Quem se preocupa com o papel nefasto que as drogas hoje ilícitas desempenham na corrosão de valores e vidas humanas em escala industrial precisa refletir sobre duas decisões adotadas na semana passada por uma comissão de juristas que o Congresso Nacional mobilizou para discutirem propostas visando à elaboração de um novo código penal para o país.
Na prática, elas simplesmente descriminalizam o consumo dessas substâncias. A primeira medida descriminaliza o porte de drogas para consumo próprio. A segunda
descriminaliza o plantio de drogas para consumo pessoal.
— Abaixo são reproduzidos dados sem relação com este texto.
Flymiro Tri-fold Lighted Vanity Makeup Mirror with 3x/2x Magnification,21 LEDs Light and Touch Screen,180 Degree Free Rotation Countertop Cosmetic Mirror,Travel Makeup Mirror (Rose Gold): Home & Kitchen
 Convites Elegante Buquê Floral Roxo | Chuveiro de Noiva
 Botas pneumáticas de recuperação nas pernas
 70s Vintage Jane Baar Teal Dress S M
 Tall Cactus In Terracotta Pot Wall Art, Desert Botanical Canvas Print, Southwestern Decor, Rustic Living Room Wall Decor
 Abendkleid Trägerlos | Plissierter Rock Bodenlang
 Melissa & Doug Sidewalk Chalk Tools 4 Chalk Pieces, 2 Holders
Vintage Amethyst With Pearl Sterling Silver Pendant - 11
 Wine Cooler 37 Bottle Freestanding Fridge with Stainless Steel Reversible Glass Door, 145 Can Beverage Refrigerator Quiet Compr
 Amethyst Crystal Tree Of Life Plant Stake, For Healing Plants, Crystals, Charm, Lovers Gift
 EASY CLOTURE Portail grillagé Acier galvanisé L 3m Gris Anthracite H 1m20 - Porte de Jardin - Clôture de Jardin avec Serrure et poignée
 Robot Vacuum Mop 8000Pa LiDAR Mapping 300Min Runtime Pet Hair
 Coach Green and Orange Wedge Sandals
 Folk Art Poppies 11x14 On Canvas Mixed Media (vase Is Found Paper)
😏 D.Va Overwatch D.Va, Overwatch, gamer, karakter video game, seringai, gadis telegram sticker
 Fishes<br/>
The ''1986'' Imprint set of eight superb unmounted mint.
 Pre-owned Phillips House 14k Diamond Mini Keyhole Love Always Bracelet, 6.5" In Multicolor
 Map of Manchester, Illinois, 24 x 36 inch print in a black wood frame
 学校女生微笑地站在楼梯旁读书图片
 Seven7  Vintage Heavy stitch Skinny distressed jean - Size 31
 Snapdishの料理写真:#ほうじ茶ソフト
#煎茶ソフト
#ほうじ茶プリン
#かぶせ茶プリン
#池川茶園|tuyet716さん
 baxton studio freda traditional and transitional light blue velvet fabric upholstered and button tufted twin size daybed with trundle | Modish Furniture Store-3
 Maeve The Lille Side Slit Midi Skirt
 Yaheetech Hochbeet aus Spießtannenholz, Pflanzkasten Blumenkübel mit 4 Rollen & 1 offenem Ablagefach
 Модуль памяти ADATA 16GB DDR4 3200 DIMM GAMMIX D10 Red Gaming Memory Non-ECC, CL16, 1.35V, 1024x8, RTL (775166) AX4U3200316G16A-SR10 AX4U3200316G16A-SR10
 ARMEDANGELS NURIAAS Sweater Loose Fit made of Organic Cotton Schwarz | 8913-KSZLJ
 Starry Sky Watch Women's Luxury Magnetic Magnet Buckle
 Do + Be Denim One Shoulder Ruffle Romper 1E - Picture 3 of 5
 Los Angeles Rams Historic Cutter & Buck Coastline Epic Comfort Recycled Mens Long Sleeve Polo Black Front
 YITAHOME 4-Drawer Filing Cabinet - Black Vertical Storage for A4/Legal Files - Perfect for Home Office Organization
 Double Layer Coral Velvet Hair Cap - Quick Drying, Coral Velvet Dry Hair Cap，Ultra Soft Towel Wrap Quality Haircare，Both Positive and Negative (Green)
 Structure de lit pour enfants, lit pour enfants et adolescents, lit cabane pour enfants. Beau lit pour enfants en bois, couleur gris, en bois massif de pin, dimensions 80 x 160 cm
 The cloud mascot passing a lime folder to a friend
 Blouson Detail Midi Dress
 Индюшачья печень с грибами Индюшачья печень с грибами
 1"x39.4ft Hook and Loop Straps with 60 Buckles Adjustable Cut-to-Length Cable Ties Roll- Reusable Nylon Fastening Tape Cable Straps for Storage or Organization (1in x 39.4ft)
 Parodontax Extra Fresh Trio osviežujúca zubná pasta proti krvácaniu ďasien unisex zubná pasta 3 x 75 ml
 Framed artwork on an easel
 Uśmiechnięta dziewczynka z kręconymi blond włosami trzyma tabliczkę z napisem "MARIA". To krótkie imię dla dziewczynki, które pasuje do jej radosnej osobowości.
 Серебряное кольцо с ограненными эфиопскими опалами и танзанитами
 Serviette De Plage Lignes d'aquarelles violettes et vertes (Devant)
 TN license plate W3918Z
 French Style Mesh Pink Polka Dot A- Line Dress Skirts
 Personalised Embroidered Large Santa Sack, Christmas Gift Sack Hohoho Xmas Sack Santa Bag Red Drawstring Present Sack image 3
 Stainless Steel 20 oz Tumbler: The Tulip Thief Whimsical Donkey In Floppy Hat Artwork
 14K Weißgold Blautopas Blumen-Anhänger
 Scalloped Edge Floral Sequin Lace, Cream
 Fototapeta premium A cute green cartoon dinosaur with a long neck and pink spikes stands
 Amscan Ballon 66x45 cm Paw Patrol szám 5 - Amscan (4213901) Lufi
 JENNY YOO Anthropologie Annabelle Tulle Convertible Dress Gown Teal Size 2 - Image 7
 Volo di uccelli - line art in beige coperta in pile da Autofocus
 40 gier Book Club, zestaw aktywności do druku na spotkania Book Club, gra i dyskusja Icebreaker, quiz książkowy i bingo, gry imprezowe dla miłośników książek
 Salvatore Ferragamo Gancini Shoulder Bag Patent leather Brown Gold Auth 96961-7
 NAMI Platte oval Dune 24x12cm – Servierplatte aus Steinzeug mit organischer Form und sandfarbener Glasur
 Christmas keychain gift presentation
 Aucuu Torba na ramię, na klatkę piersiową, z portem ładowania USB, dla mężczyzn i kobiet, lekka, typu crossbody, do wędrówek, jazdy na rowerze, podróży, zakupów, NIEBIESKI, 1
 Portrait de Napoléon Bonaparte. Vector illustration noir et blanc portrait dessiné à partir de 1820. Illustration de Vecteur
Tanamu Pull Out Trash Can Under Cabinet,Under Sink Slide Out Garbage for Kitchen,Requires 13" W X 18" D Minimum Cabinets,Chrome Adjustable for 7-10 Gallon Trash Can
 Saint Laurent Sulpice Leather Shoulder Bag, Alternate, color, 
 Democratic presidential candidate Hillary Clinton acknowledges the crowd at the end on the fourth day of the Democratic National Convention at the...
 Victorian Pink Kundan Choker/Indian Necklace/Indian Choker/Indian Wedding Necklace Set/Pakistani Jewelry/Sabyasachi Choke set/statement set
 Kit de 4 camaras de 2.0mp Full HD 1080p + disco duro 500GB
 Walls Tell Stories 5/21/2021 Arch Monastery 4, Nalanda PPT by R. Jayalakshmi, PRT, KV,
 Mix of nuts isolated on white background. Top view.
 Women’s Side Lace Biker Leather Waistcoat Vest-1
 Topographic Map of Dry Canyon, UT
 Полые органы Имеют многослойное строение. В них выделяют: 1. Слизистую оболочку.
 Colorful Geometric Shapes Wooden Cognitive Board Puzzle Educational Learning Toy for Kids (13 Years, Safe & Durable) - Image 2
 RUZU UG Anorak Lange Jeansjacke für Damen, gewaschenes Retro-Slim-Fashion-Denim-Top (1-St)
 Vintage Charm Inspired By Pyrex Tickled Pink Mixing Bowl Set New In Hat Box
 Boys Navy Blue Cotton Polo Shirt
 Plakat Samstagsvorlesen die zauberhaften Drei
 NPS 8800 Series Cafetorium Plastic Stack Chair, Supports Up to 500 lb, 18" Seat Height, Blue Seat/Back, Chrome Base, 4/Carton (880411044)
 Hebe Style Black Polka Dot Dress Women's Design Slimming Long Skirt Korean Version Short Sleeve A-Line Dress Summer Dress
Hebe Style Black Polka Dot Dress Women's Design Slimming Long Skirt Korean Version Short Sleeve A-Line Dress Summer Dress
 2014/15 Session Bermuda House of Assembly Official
Se estas medidas se consolidarem, daqui por diante qualquer produtor ou traficante passará a se identificar como consumidor, e a tragédia terá se consumado.
Conservador no tocante a consumi-las, nunca, ao longo da vida, opus qualquer preconceito contra amigos que recorressem à drogas. Arrependi-me crescentemente ao verificar quantos se perderam nessa jornada, morrendo em overdoses ou sacrificando famílias e carreiras no altar do vício.
Acho, entretanto, uma hipocrisia o tratamento dúbio que as camadas superiores da sociedade brasileira querem continuar a dar às drogas: elas querem condenar o traficante peba, de pé de morro, subúrbio e beira de praia, social e geograficamente distante de si, e ao mesmo tempo proteger o consumidor situado em suas mansões e apartamentos de luxo, os quais se valem exatamente desses vendedores.
Há como negar a imensa contribuição que as drogas ilícitas emprestaram ao aumento da violência na sociedade moderna? Pensando bem, são poucas as ilicitudes e os crimes cometidos topicamente no território nacional que não têm como motivação emocional os impulsos proporcionados pela aspiração ou ingestão de substâncias ainda ilícitas. A princípio, isto era privilégio das camadas "inferiores"; paulatinamente, porém, as drogas subiram aos apartamentos social e fisicamente mais elevados, nivelando por baixo uma grande marginalia.
Mercê de uma cultura de proteção, porém, a família não enxerga o fato de o tráfico de drogas só se expandir exatamente porque os mais ricos se tornaram as suas melhores presas. Perdoar o consumidor é deixar de vê-lo como o pior elo dessa corrente perniciosa.